Il fallait aussi aller très vite pour que le projet ne soit pas ralenti par un examen du Bureau d’audiences publiques en environnement. Le fameux BAPE. Nous ne reviendrons pas ici sur toute cette saga déjà largement documentée. 

Mais l’entreprise et Québec ont notamment fait valoir que le calendrier était très serré, puisque Northvolt doit livrer ses premières cellules de batteries en 2026 à un important client… Qui demeure à ce jour confidentiel. Pas de temps à perdre, donc.  

Mais la semaine dernière, le géant allemand BMW — actionnaire de Northvolt — a jugé que du temps, il en avait assez perdu.

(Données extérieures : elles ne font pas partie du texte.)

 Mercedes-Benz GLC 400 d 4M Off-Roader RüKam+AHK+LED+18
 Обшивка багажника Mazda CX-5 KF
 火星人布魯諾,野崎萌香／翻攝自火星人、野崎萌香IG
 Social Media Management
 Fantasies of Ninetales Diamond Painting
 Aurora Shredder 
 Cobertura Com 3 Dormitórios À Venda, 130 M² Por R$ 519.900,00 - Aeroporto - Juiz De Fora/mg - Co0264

Et il a annulé une commande de près de 3G$ en raison des retards de production en Suède.  

Difficile de ne pas se demander comment Northvolt réussira à livrer à temps la production de sa future usine québécoise à son client mystère en Amérique du Nord. 

Dans un communiqué diffusé mercredi en fin de journée, l’entreprise ne cache pas que la pression est forte du côté de ses clients, afin que les engagements liés à son carnet de commandes soient respectés. 

Tout en rappelant que son engagement et ses intentions au Québec demeurent intacts, elle avance que la revue stratégique de ses activités dictera les échéanciers de ses différents projets.  

Mais son client mystère, qui se serait engagé à acheter plus de la moitié de la production de Northvolt Six, voit-il les choses de la même manière ? Si nous savions de qui il s’agit, nous lui poserions la question.  

Parce que pour le moment, ce client fait affaire avec un autre fournisseur, et cette entente se termine en 2026, nous avait confié Paolo Cerruti, PDG de Northvolt Amérique du Nord, au cours d’une longue entrevue au mois d’avril dernier. Si ce client perd aussi patience, Northvolt a-t-elle un plan B de ce côté-ci de l’Atlantique? 

Beaucoup de questions dont il est souhaitable d’obtenir des réponses cet automne. En espérant que celles-ci ne nous proviennent pas d’un quotidien suédois.